A Clean Home Is A Misspent Life

Monday, May 6, 2019


I first heard this saying in "The Family" (an underrated ABC show that got cancelled after one season because nobody except my family was watching) but I'm sure it originated elsewhere. In fact, it turns out there's a book about it, so I'm certain it originated elsewhere. (Added that book to my reading list.)

The idea is that if your home is always spotless, you've spent a lot of time cleaning that could have been better spent in other areas of your life.

While I do want my home to be tidy, I appreciate the sentiment here.

Deciding to stop counting calories and instead eat whatever I want whenever I want (within reason, of course) was one of my best decisions. Maybe I weigh more now, maybe I eat more sweets now, but I'm much happier mentally.

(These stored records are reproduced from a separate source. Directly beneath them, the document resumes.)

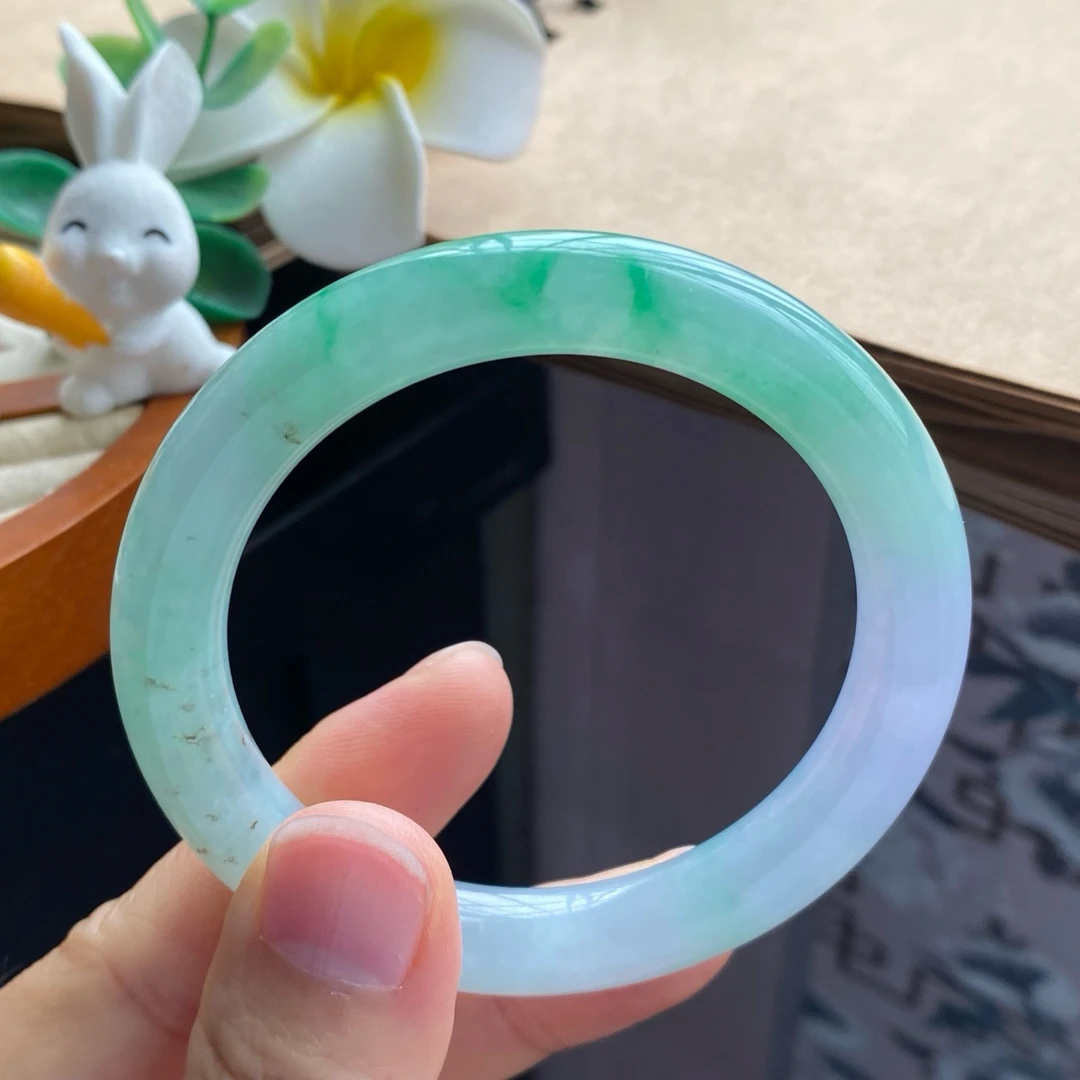 111盘13002号52-8.8-8.7！圆条！飘阳绿果冻镯！翡翠手镯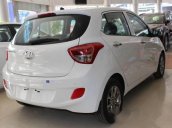 Cần bán Hyundai Grand i10 đời 2017, giao xe ngay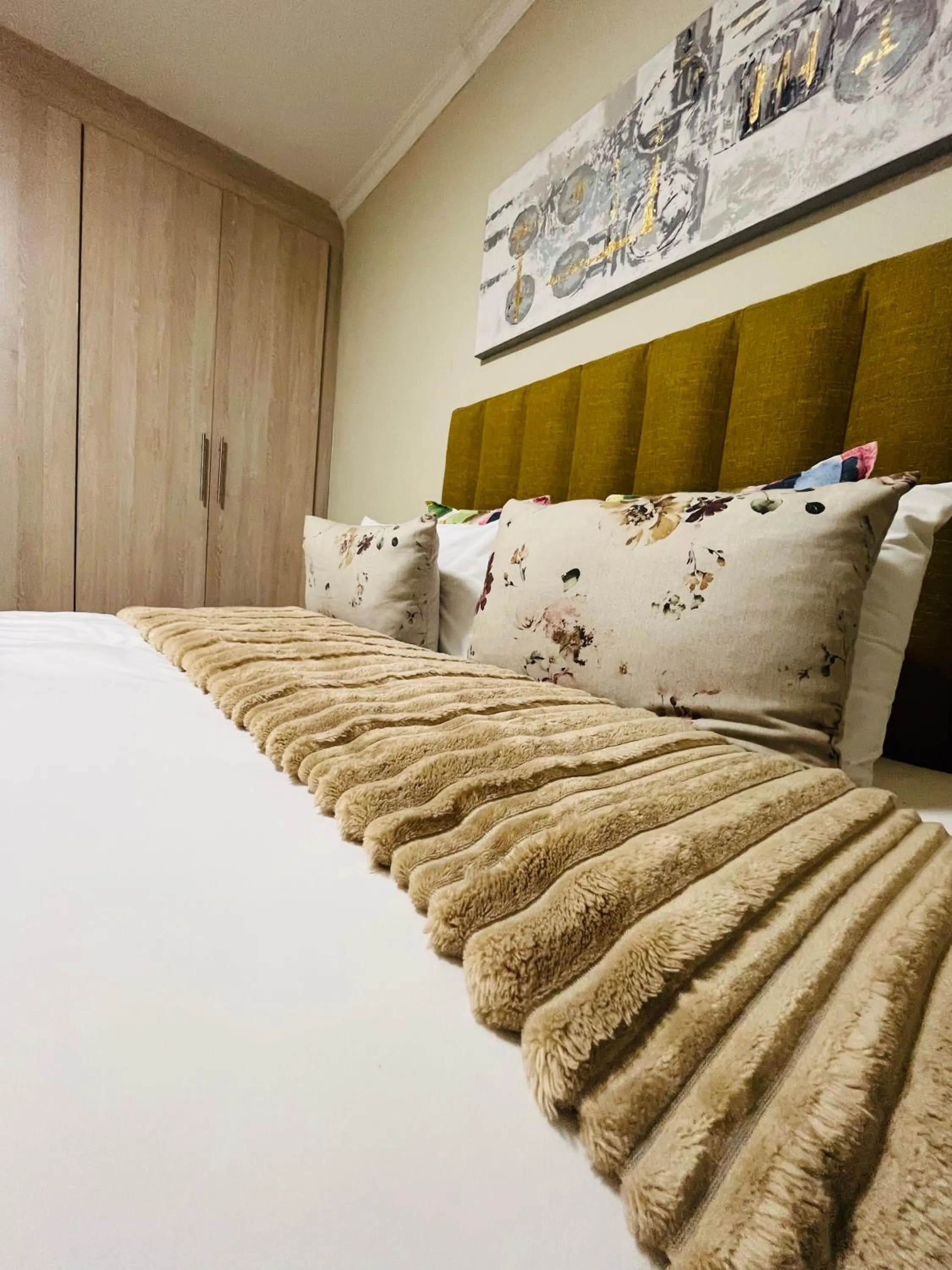 Bed in The Oak Tree House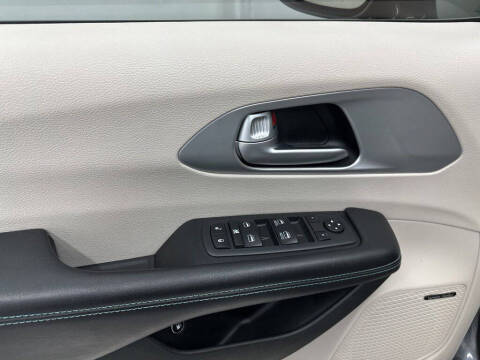 2018 Chrysler Pacifica Hybrid Limited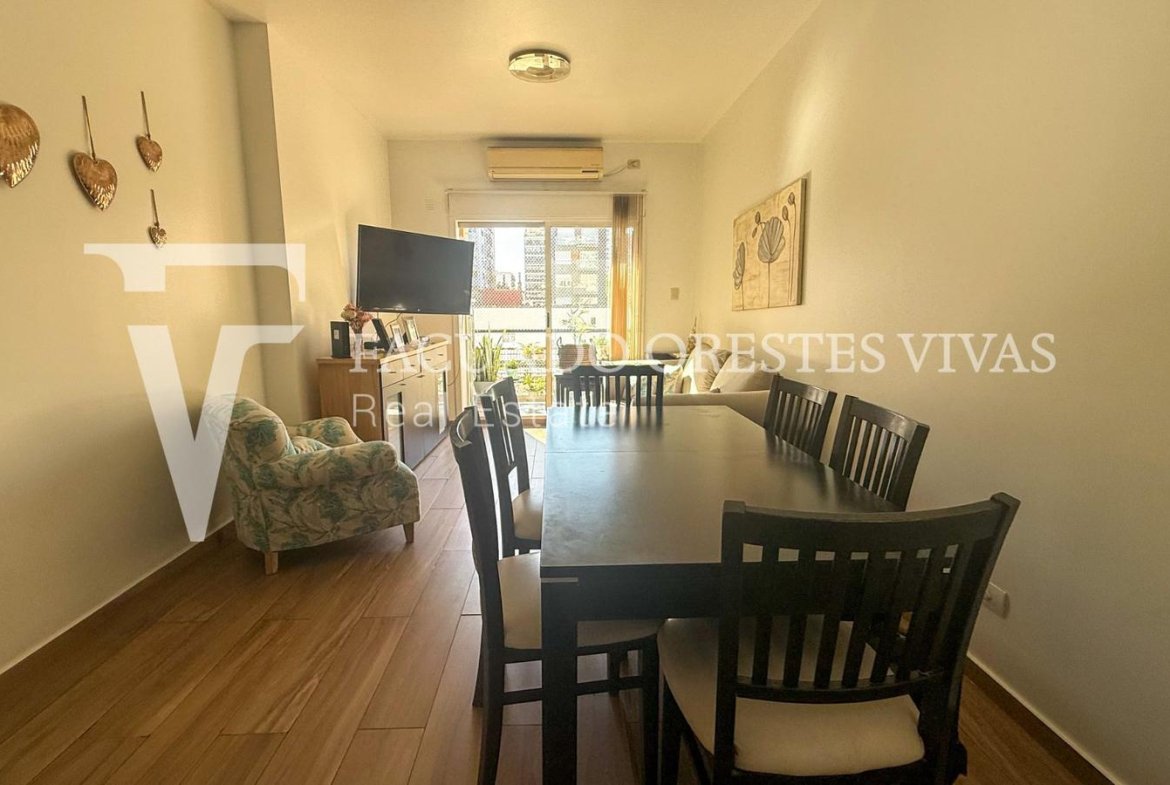 VENTA-DEPARTAMENTO-TRES AMBIENTES-BALCON-FLORES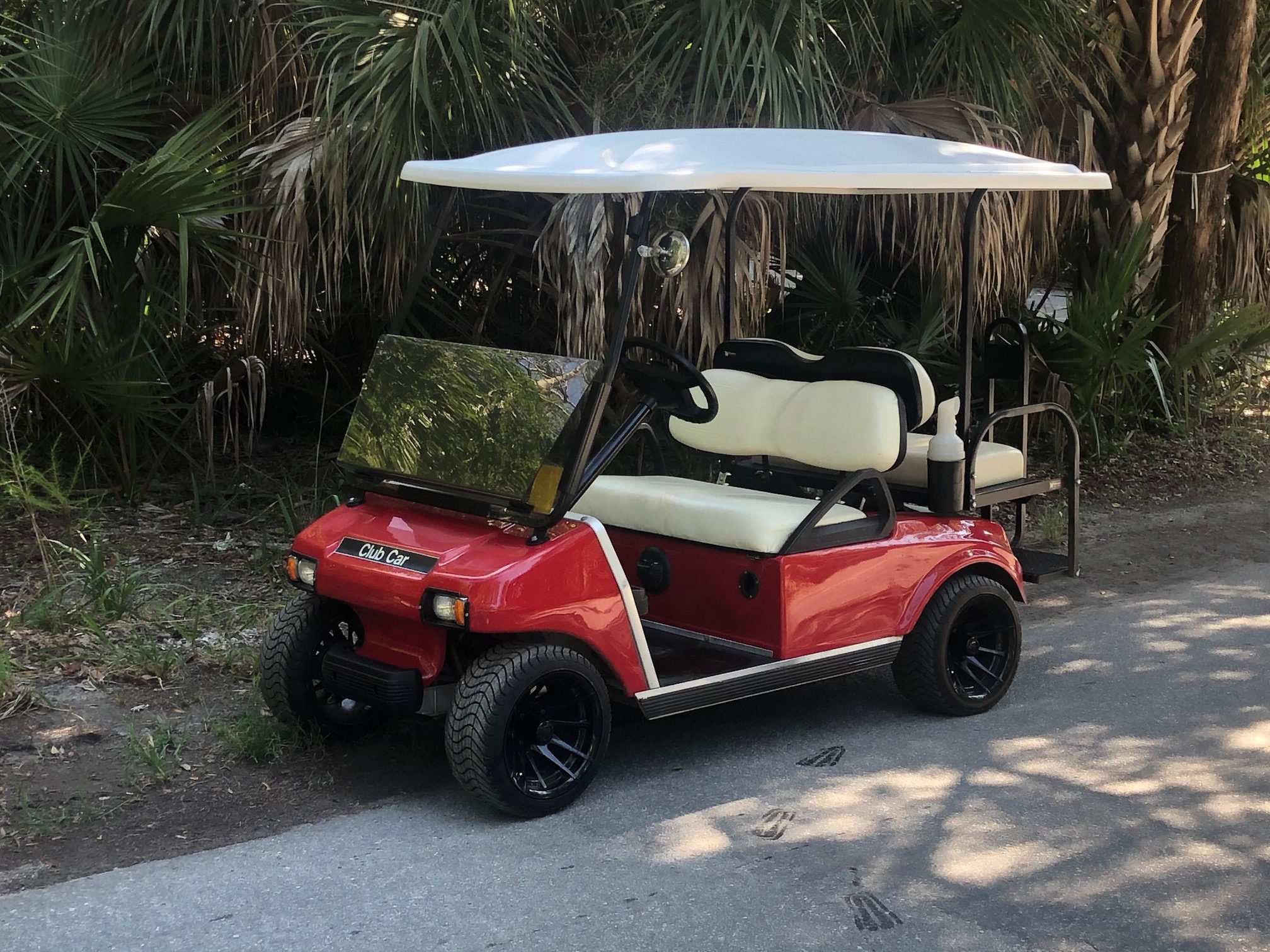 Red Club Car DS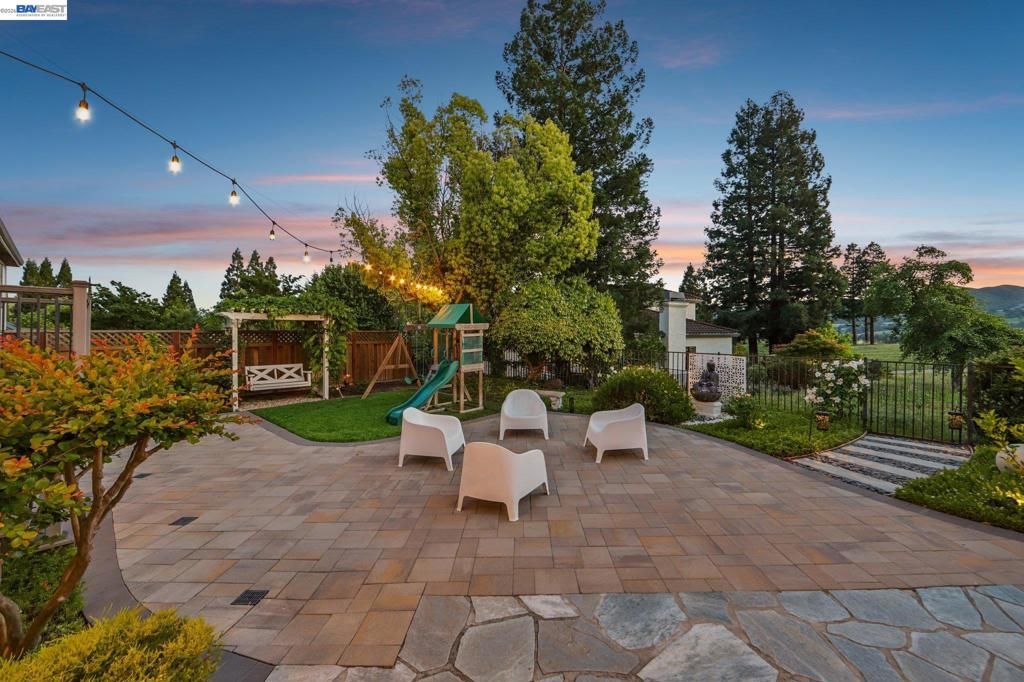 Image 41 of property listing at 1095 Canyon Hills Rd, San Ramon, CA 94582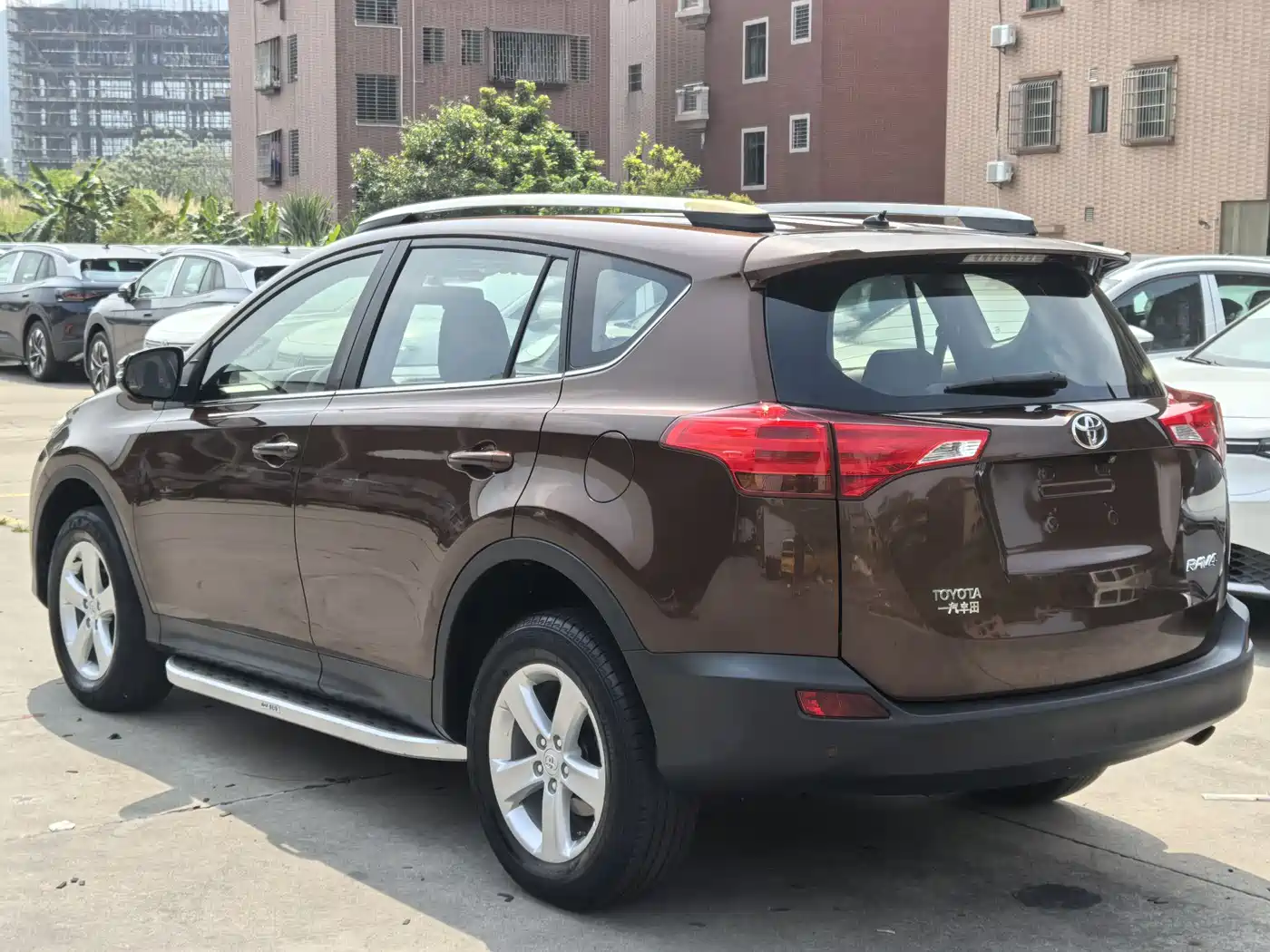 Toyota RAV4 Rongfang 2013 2.0L CVT 2WD Urban фото 4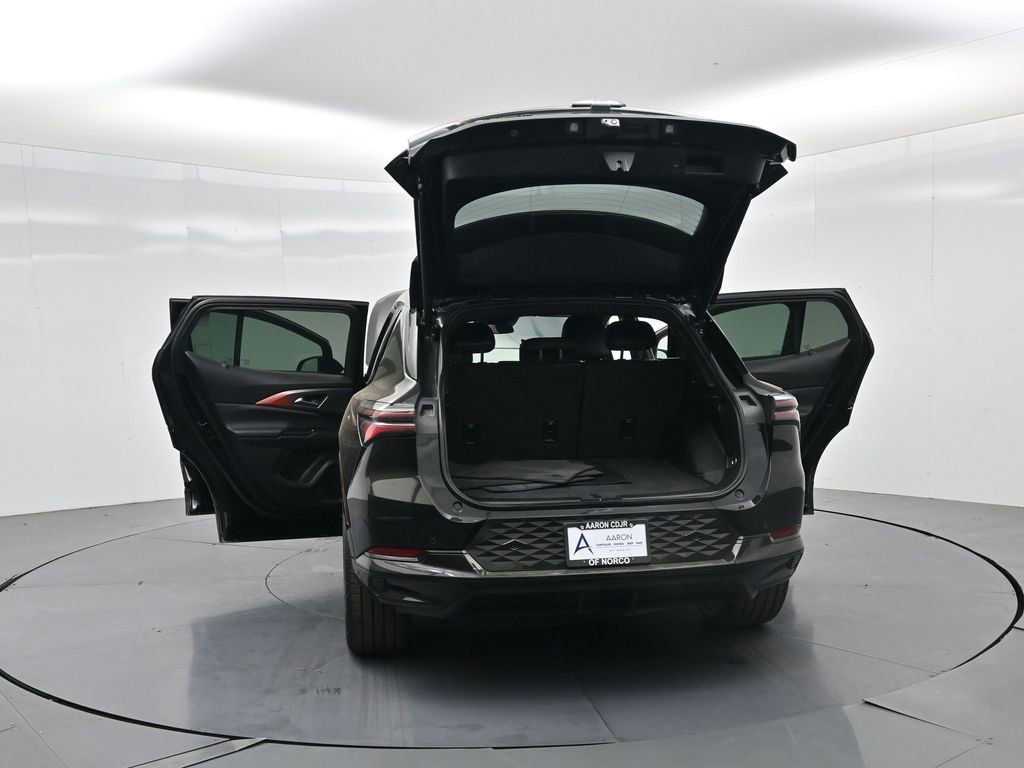 Used 2024 Chevrolet Equinox EV RS image 37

Now, I want to apply this same notion to my home life. Rather than trying so hard to do what I'm "supposed" to be doing, or having my home look the way it's "supposed" to look, focusing instead on what makes me feel the best.

I've touched on this topic before, but I wanted to expand on it because it's really become a key focus of mine.  Perhaps you need the reminder too. 2018 was all about hustling. 2019 seems to be about doing less. Funny how that works. Apparently I'm really in the mood to chill the eff out.

My goal is to establish a healthy relationship with clutter to the point that I can look back and think, Wow there was a time when this used to bother me. How silly. because, let's be honest, when you're 26, living with only one other person, who is not a slob by any means, without any pets or children, any "messes" we currently have are realistically not as disastrous as they could be.

know that my anxiety around clutter is irrational. I can't help it. And here's another reason it's so frustrating for me, feeling trapped in my own brain like this: I wasn't always like this! Not at all. When I was a teenager, my room was so messy that you couldn't see the carpet. I not only had The Chair full of clothes that I was too lazy to fold and put away, I also had a loft bed in which a small portion of desk space was used for schoolwork and the rest was used for even more junk that I was too lazy to put away. None of it even bothered me. I had better things to do than clean.

(My sleeping schedule as a teenager was also absolutely mind-boggling. I'd be up until 1 or 2 in the morning regularly, sleeping until noon on the weekends or later during summer break. Who is that person?)

I don't want to revert all the way back to who I was in 2009 (yikes) but if I could channel the nonchalance about a little mess so I don't get so worked up over too much mail on the dining table or too many jackets draped over the backs of chairs, that'd be great.

So, I'm working on it.

Rahul has been a big help. He is so good at doing a lot around the home while also seeming so chill all the time. He's been kindly shushing me when I wake up and immediately say, "Ugh I wanted to be up earlier," and reminding me that no, I don't have to do whatever cleaning task right now or even today. I'm letting things be imperfect.

That was the focus the past two weeks and I already feel better. And weird. And a little guilty, like I'm slacking. But... better.

After spending the majority of a Saturday reading and watching "Schitt's Creek" on Netflix, I turned to Rahul at one point and said, "I haven't cleaned a single thing today, it feels weiirddd." That Sunday night, I asked him to remind me that I'm not lazy.

Despite how much I love the app, I'm aware that Instagram plays a role in all of this too. Not so much the app by itself as the way I use it or the time I spend on it. It's way too easy to mindlessly scroll through my feed, subconsciously comparing my life to others', forgetting that for every camera-ready nook in a person's home, there is a decent mess on the other side of the room, purposely kept out of frame.

To moderate the amount of time I spend doing this, I've set a one hour limit on the app per day. (I have no clue if that's a lot of time or a true limit, but that's where I'm starting. Maybe I'll decrease it further from there.) It's helped me be more mindful of the way I use it. Less mindless scrolling, more checking in on friends or particular accounts that inspire me. It lets me focus on my own life, not everyone else's.

There may be an underlying reason as to why I crave so much control over my home, other subconscious feelings manifesting themselves this way. Eventually, I'll figure that out. Contrary to usual growth, this time I'm working from the outside in.

Leave the mess. Walk away. Do something else. Breathe. Enjoy.